Аптечка была у меня. Время шло. Я выхватил кейс и… болторезы. За секунды перерезал сетку. Стоило последнему звену щёлкнуть, как ударная волна швырнула меня наземь. В сознании я видел, как семья проскочила пролом.
— Мы вечно в вашем долгу, — сказал мужчина, исчезая во тьме. Мне чудились новые фигуры — бледные, длиннорукие, с острыми пальцами. Потом пришла темнота.
Я очнулся под утро у забора: пролом распахнут, ATV выгорел, аккумулятор сел. Радио молчало. Я двинул к дому, каждые пару минут вызывая Брюса — лишь помехи. Я знал: я всё испортил.
Дверь домика приоткрыта, окна выбиты, решётки сорваны, в воздухе смрад, жужжат мухи. Я вытащил револьвер и вошёл.
Бойня. Мебель кромсали когти, посуда разбита, кровь повсюду. В центре — Брюс, разорванный на части, грудная клетка вспорота, внутренности выедены. Лицо застыло в беззвучном крике.
Я едва не вырвал. Хуже было только то, что он держал: окровавлённый секретный отчёт. Я разжал его пальцы плоскогубцами. Содержимое отвратило сильнее резни.
Никакой аварии поезда не было — легенда, чтобы отгородить лес. «Сотрудники EPA» оказались военными учёными сверхсекретного объекта в глубине Макнили-Пайнс. В отчёте он значился просто «Фабрика». Фото показывали мужчин, женщин, детей в пустых камерах: бритые головы, кожа да кости, ужас в глазах. Дальше — протоколы нечеловеческих опытов с экспериментальными нейротоксинами, сколько нужно до слепоты, до выпадения зубов, до остановки сердца. Я отшвырнул бумаги и увидел шредер, полный свежих лент: Брюс успел уничтожить большинство документов. Это и было то жужжание.
Я положил уцелевший отчёт в сумку и уехал. Всю ночь гнал, пока не нашёл захудалый мотель у Йосемити. Запершись, сфотографировал каждую страницу и залил на Google-диск — вдруг за мной придут. Прочитав всё, понял: от химического оружия учёные перешли к иному — тайному. На последних страницах описывалась программа с древней шумерской табличкой: те самые каракули, выгравированные на сетке и болторезах. Во время ритуала они выпустили кровь мужчины лет сорока пяти — его лицо я помнил: это тот, кто просил свободы. Через час из чаши поднялась фигура: высокая, иссохшая, чудовищно сильная.

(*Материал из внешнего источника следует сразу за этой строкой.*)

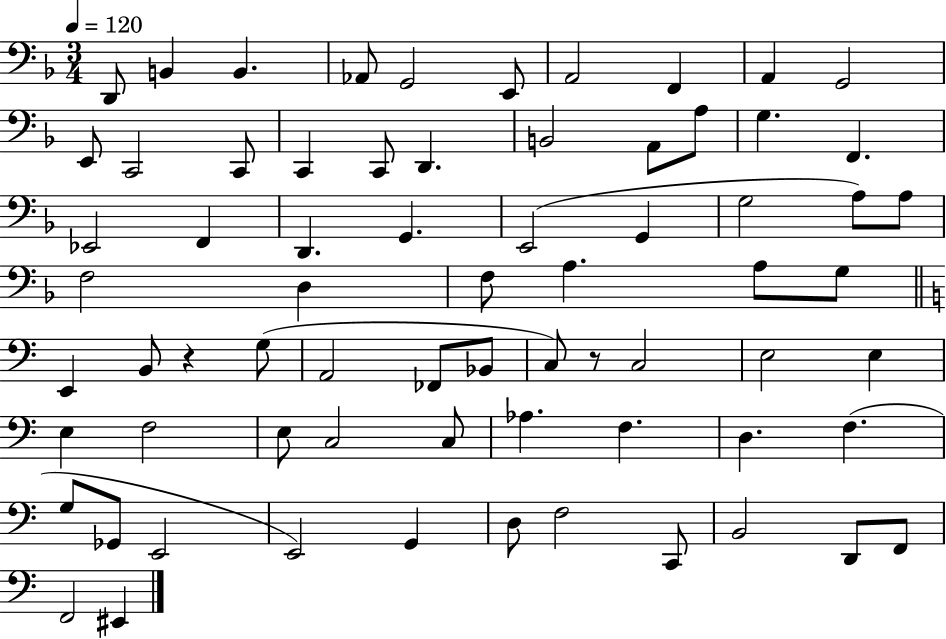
{
  \clef bass
  \numericTimeSignature
  \time 3/4
  \key f \major
  \tempo 4 = 120
  d,8 b,4 b,4. | aes,8 g,2 e,8 | a,2 f,4 | a,4 g,2 | \break e,8 c,2 c,8 | c,4 c,8 d,4. | b,2 a,8 a8 | g4. f,4. | \break ees,2 f,4 | d,4. g,4. | e,2( g,4 | g2 a8) a8 | \break f2 d4 | f8 a4. a8 g8 | \bar "||" \break \key c \major e,4 b,8 r4 g8( | a,2 fes,8 bes,8 | c8) r8 c2 | e2 e4 | \break e4 f2 | e8 c2 c8 | aes4. f4. | d4. f4.( | \break g8 ges,8 e,2 | e,2) g,4 | d8 f2 c,8 | b,2 d,8 f,8 | \break f,2 eis,4 | \bar "|."
}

Теперь я сижу в номере и думаю, обнародовать ли отчёт. Делать это нужно быстро: правительство скоро узнает, кто выпустил их «драгоценные активы». Хотел бы я сказать, что жалею. Эти твари принесут хаос, погибнут невинные. Но в голове — образ испуганной семьи. Что-то человеческое в них осталось. Когда я уезжал из Макнили-Пайнс, я увидел одного из них в истинном обличье: десять футов ростом, длинные руки, кожа как акулий мох, без волос. Он узнал меня и улыбнулся, обнажив острейшие зубы. Затем помахал, пока я проезжал мимо. На его запястье висел крошечный браслет — верёвочка с несколькими пуговицами вместо бусин.